Here is a brief description of the most important concepts to understand the
code of Liam2, as well as where those concepts are implemented.
Entity
file: entities.py
The Entity class stores all there is to know about each entity: fields,
links, processes and data. It serves as a glue class between everything
data, processes, ...
When entities are created, they are added to a global registry in registry.py
Process
file: process.py
The Process class stores users processes. The most common kind of process
is the Assignment which computes the value of an expression and stores the
result in a variable.
The Compute class is used as alternative for Assignment when a user does not
store the result of an expression (with a side effect) which does have a
return value (as opposed to Actions).
Another very common process is the ProcessGroup (a.k.a procedures) which
runs a list of processes in order.
Action
file: actions.py
Actions are processes which do not have any result (that can be stored in
variables), but have side-effects. Examples include: csv(), show(), remove(),
breakpoint()
Expressions
file: expr.py (and many others)
Expressions are the meat of the code. The Expr class is the base class for
all expressions in Liam2. It defines all the basic operators on expressions
(arithmetic, logical, comparison), but it should not be inherited from
directly.
file: exprbases.py
Liam2 provides many different bases classes to inherit from when implementing
a new function:
- NumexprFunction: base class for functions which are implemented
as-is in numexpr. eg. abs, log, exp
- CompoundExpression: base class for expressions which can be expressed in
terms of other “liam2” expressions. eg. min, max, zeroclip
- EvaluableExpression: base class for all other expressions (those that do not
exist in numexpr and cannot be expressed in terms of other liam2
expressions). These expressions need to be pre-evaluated and stored in
a (hidden) temporary variable before being fed to numexpr, and this is what
EvaluableExpression does. One should only inherit from this class directly
if none of the below subclasses applies.
- NumpyFunction: subclass for functions which are implemented
as is in Numpy. Should not be used directly.

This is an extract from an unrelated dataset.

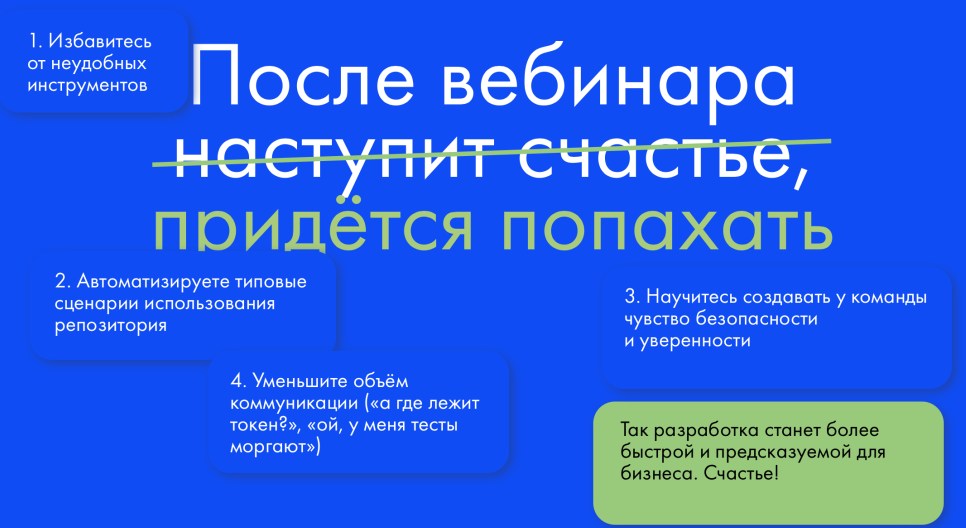 [Школа сильных программистов]  Без ерунды. Курс о Developer Experience (Фёдор Борщёв)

- NumpyCreateArray: subclass for functions which create arrays out of
nothing (usually random functions).
- NumpyChangeArray: subclass for functions which take an array as input
and give another array as output (eg clip, round).
- NumpyAggregate: subclass for aggregate functions. eg. count, min,
max, std, median.
- FunctionExpression: subclass for functions (which take one expression as
argument). eg. trunc, lag, duration, ...
- FilteredExpression: subclass for functions which also take a filter
argument. eg. align, sum, avg, gini.
Liam2 current expressions are implemented in the following files:
- alignment.py
- handles align() and align_abs() functions
- align_link.py
- the core algorithm (an implementation of Chenard’s) for align_abs(link=)
- exprmisc.py
- all expressions which are not defined in another file.
- groupby.py
- handles groupby()
- links.py
contains all link-related code:
- the Link class stores the definition of links
- the LinkValue class handles ManyToOne links
- link functions to handle OneToMany links: countlink, sumlink, avglink,
minlink and maxlink
- matching.py
- handles the matching() function
- regressions.py
- handles all the regression functions: logit_score, logit_regr, cont_regr,
clip_regr, log_regr
- tfunc.py
- handles all time-related functions: value_for_period, lag, duration, tavg
and tsum
Context
file: context.py
A context is a data structure used to keep track of “contextual” information:
what is the “current” entity, what is the “current” period, what is the
“current” dataset. The context is passed around to the evaluation
functions/methods.
A context must present a simple dictionary interface (key: value). There are
a few keys with special meanings:
- period
- should be the period currently being evaluated
- __len__
- if present, should be an int representing the number of rows in the context
- __entity__
- current entity
- __globals__
- if present, should be a dictionary of global tables (‘periodic’, ...)
The kind of context which is most used is the EntityContext which provides
a context interface to an Entity.